Export: un pilastro per la crescita delle PMI

Per molte piccole e medie imprese italiane, l’export non è solo una possibilità, ma una necessità per sopravvivere e crescere. Nel 2024 le esportazioni italiane hanno superato i 650 miliardi di euro, con la Lombardia in testa grazie a settori come meccanica, agroalimentare e moda. Le PMI che riescono a penetrare i mercati internazionali registrano in media un incremento del fatturato del 20% nei primi due anni, secondo i dati ICE. Tuttavia, vendere all’estero richiede competenze specifiche: conoscenza delle normative doganali, gestione della logistica internazionale, strategie di marketing multiculturale. Senza un piano solido, il rischio è di investire tempo e risorse senza ritorno.

Storie di successo: dalla provincia ai mercati mondiali

Molte aziende lombarde dimostrano che l’export è possibile anche partendo da realtà locali. Una PMI metalmeccanica di Lecco ha iniziato fornendo componenti per macchinari a un distributore tedesco: oggi esporta in 14 Paesi e realizza il 70% del fatturato all’estero. Nel settore agroalimentare, un caseificio cremonese ha conquistato il mercato giapponese puntando su formaggi DOP e storytelling legato alla tradizione. Questi casi confermano che l’internazionalizzazione non è riservata alle grandi aziende, ma richiede strategia e capacità di adattamento alle esigenze locali.

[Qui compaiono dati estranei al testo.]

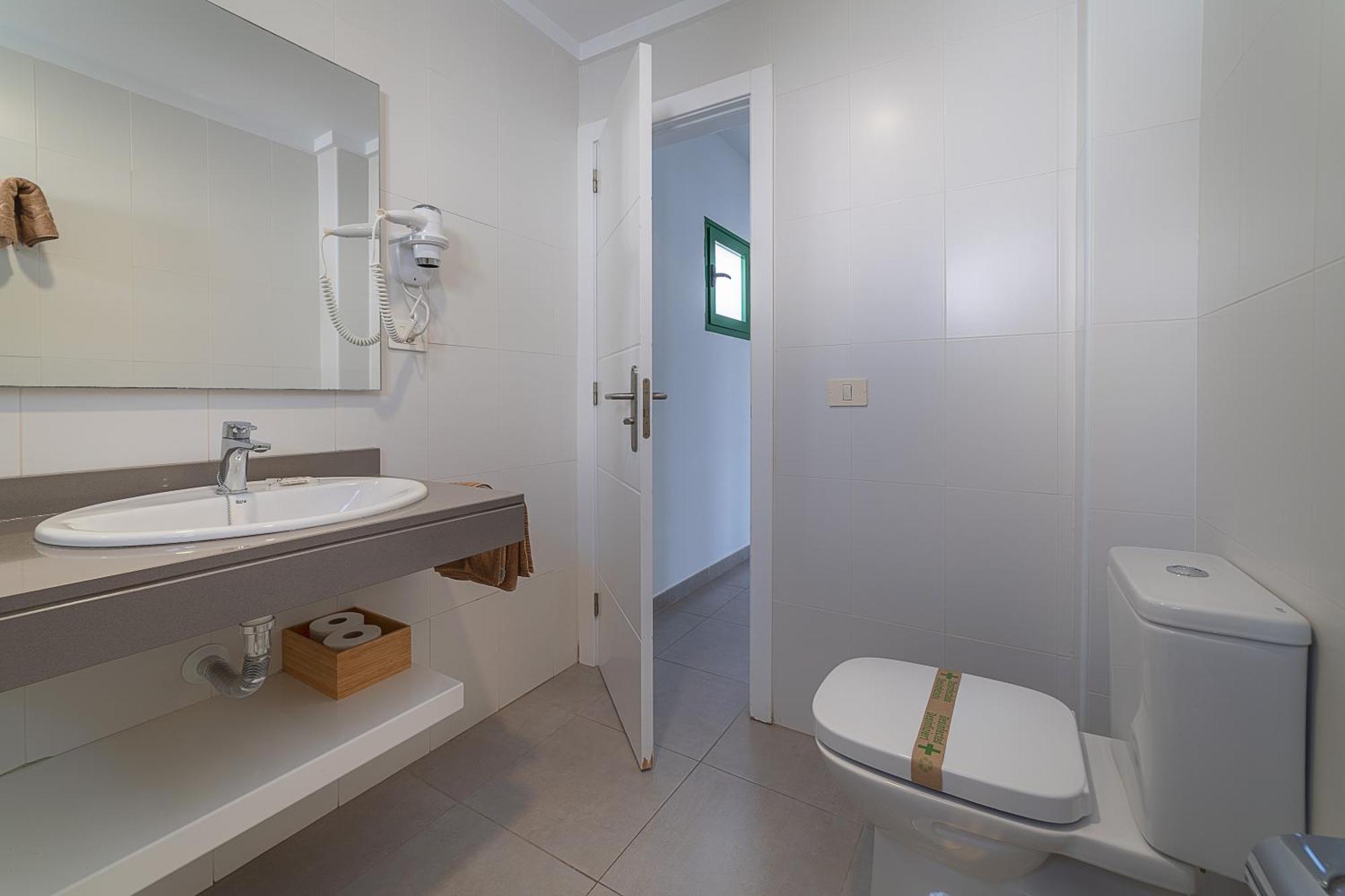 Apartamentos Elena Puerto del Carmen  Exterior photo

I mercati più promettenti per le PMI

Oltre all’Europa, che resta il principale sbocco, emergono opportunità in Nord America, Asia e Medio Oriente. Il mercato statunitense è attratto dal Made in Italy per qualità e design, mentre in Asia la classe media in crescita cerca prodotti alimentari e moda di fascia alta. Secondo SACE, l’export italiano verso i Paesi ASEAN potrebbe crescere del 5,5% annuo fino al 2027. Tuttavia, ogni mercato ha regole, gusti e canali distributivi diversi: ciò che funziona in Francia può non avere successo in Corea del Sud senza un adattamento mirato del prodotto e della comunicazione.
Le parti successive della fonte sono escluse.